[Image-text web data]
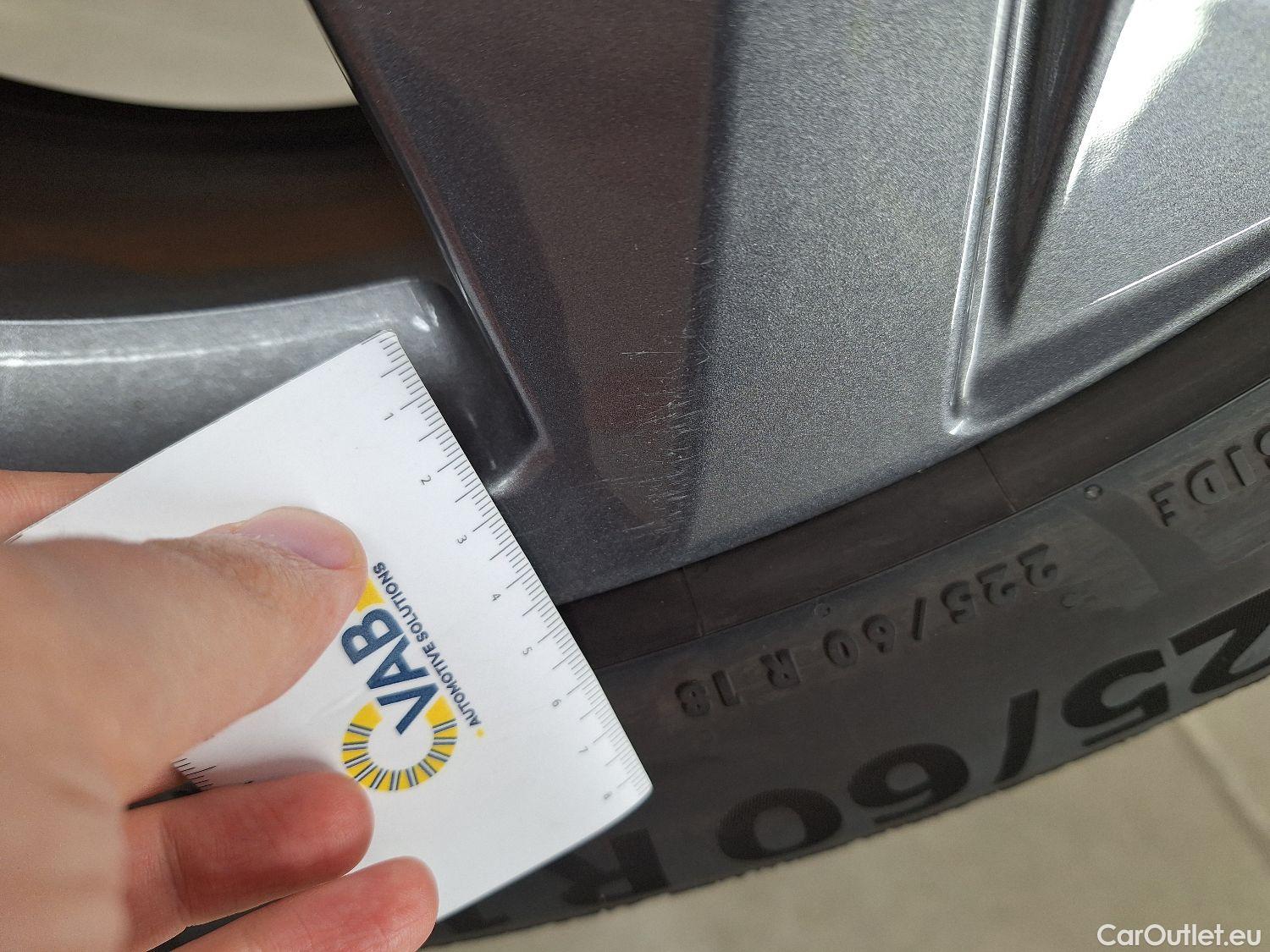 Ford  Mustang Ford,  '20 BEV, Ford  Mach-E 76kWh 190kW Standard Range RWD #2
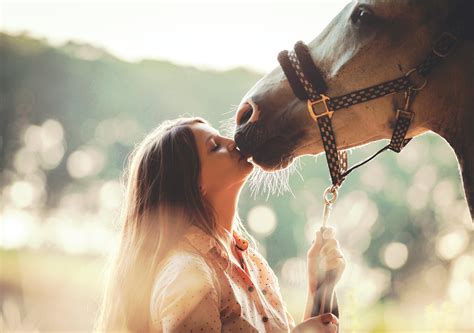Dating A Horse Girl The Survival Guide Horse Nation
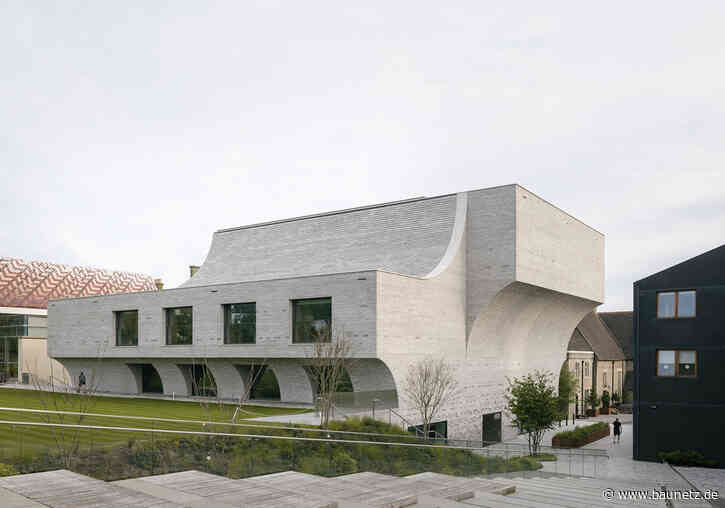 Haus ohne Rückseite
 - Zentrum für Darstellende Künste in Brighton von krft architects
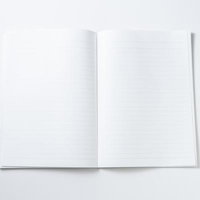 何も書かれていない真っ白な見開きノートと文具の背景デザインの写真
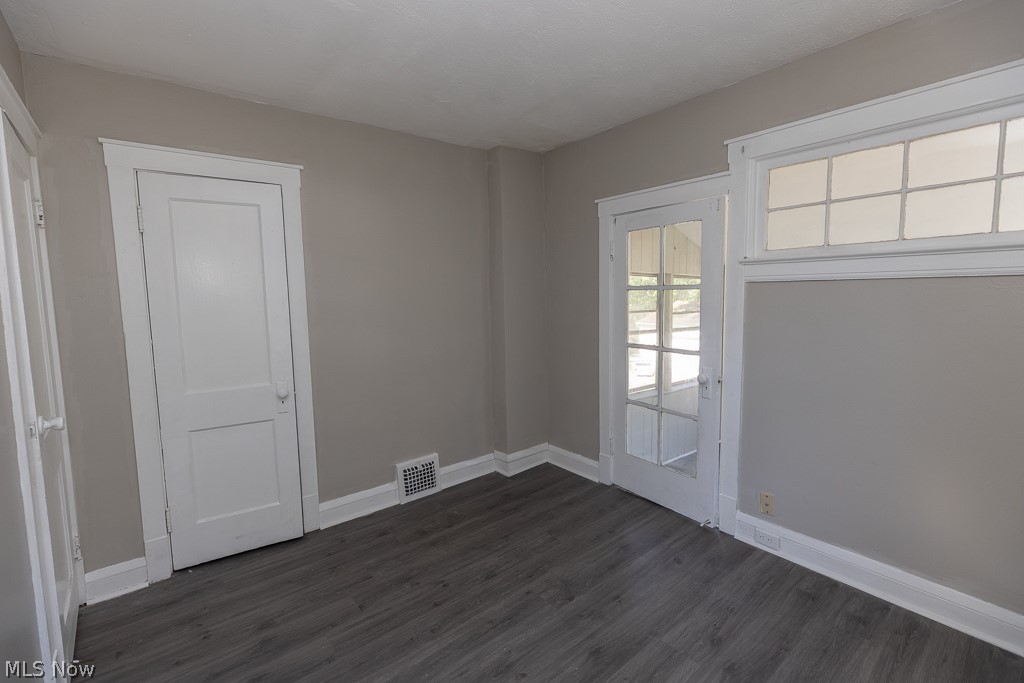 12913 Thornhurst Avenue Garfield Heights OH 44105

• **What you are asked to do**
Can the lines from the start of the records through the line with "何も書かれていない真っ白な見開きノートと文具の背景デザインの写真" be given again exactly, with the pictures left out?

• **Output for this exercise**
 Ford  Mustang Ford,  '20 BEV, Ford  Mach-E 76kWh 190kW Standard Range RWD #2
Dating A Horse Girl The Survival Guide Horse Nation
 Haus ohne Rückseite
 - Zentrum für Darstellende Künste in Brighton von krft architects
 何も書かれていない真っ白な見開きノートと文具の背景デザインの写真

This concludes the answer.